Is your business in compliance with unclaimed property laws? Failing to report unclaimed property to the state can potentially result in fines, penalties, and interest assessments.

Does your company have unclaimed property sitting on its accounting records? Unsure of the next step to take? Every U.S. state has unclaimed property laws, which require organizations to report any money or personal assets that are considered lost by the rightful owner annually to the state. It is important to ensure your business is in compliance with unclaimed property laws. You could face hefty penalties for noncompliance.

What is unclaimed property?

Unclaimed property, which is also known as abandoned property, refers to any asset that has become dormant and has not been claimed by its rightful owner for an extended period of time.

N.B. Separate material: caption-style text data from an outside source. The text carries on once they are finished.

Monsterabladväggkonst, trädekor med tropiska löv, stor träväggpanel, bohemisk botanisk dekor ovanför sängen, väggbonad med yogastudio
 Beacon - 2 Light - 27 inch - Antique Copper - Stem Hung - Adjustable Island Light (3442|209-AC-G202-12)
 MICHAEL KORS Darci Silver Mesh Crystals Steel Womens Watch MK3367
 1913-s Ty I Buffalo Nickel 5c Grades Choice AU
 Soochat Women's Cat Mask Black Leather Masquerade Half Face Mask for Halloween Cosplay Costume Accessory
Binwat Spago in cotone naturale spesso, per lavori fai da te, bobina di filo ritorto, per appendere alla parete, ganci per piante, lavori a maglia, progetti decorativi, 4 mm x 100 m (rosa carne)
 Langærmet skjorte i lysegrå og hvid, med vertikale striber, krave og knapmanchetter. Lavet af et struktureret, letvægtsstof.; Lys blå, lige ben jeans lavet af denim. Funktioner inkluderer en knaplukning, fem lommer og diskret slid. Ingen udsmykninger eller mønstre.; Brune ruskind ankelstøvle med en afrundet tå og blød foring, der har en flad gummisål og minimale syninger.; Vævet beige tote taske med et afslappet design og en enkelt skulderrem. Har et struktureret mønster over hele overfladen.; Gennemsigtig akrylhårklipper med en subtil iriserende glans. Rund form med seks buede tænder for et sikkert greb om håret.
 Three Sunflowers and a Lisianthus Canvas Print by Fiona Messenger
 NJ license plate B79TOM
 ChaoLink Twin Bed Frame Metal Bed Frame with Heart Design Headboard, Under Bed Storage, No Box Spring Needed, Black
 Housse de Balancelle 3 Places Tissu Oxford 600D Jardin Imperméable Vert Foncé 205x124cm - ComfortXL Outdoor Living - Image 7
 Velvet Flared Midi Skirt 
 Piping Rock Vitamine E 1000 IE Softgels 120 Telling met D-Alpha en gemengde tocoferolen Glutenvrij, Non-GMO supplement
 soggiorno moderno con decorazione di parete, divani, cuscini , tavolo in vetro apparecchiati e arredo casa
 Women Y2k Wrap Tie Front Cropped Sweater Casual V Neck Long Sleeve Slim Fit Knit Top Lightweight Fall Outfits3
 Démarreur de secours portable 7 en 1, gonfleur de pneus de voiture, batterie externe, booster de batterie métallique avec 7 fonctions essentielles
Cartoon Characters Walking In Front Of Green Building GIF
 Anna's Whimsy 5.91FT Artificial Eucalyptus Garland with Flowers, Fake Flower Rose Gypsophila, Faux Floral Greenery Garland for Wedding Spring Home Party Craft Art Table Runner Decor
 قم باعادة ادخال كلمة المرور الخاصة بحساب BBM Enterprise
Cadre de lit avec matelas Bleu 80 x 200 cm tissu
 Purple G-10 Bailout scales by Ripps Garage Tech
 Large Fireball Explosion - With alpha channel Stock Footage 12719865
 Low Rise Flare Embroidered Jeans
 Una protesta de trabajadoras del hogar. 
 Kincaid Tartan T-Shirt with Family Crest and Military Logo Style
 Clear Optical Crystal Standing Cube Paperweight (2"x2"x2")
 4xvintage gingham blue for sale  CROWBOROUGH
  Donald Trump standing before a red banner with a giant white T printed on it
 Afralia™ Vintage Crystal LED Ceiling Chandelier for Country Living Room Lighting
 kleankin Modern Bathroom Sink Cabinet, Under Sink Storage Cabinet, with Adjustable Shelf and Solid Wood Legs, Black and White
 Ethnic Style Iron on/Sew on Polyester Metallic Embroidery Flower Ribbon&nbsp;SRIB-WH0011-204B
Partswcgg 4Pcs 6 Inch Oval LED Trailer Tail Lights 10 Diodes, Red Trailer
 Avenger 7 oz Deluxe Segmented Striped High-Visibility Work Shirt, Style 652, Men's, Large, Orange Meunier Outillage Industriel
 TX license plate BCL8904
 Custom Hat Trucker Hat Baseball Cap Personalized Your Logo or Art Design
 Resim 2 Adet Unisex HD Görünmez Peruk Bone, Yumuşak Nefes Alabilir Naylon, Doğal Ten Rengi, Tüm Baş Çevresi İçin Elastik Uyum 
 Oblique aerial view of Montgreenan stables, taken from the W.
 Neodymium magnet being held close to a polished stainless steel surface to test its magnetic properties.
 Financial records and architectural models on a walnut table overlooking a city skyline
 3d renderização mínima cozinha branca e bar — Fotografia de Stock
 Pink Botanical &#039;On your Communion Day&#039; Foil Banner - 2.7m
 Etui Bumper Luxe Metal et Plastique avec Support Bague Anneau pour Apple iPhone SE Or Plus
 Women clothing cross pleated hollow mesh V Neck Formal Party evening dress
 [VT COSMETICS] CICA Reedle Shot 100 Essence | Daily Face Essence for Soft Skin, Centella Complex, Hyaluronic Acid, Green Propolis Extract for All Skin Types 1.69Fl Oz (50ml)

Dormancy periods vary depending on the property type and by state, but generally fall around three years for the most common types of unclaimed property.

Common examples of unclaimed property include outstanding checks, security deposits, unclaimed wages and refund checks. Each state has enacted unclaimed property laws to protect these unclaimed assets from reverting back to the organization.

How does the unclaimed property process work?

When property remains unclaimed past the state mandated dormancy period, the property will then revert back to the state. Each state has its own set of unclaimed property statutes that govern how the property is to be handled. For purposes of this blog, let’s take a look at Rhode Island and Massachusetts unclaimed property laws.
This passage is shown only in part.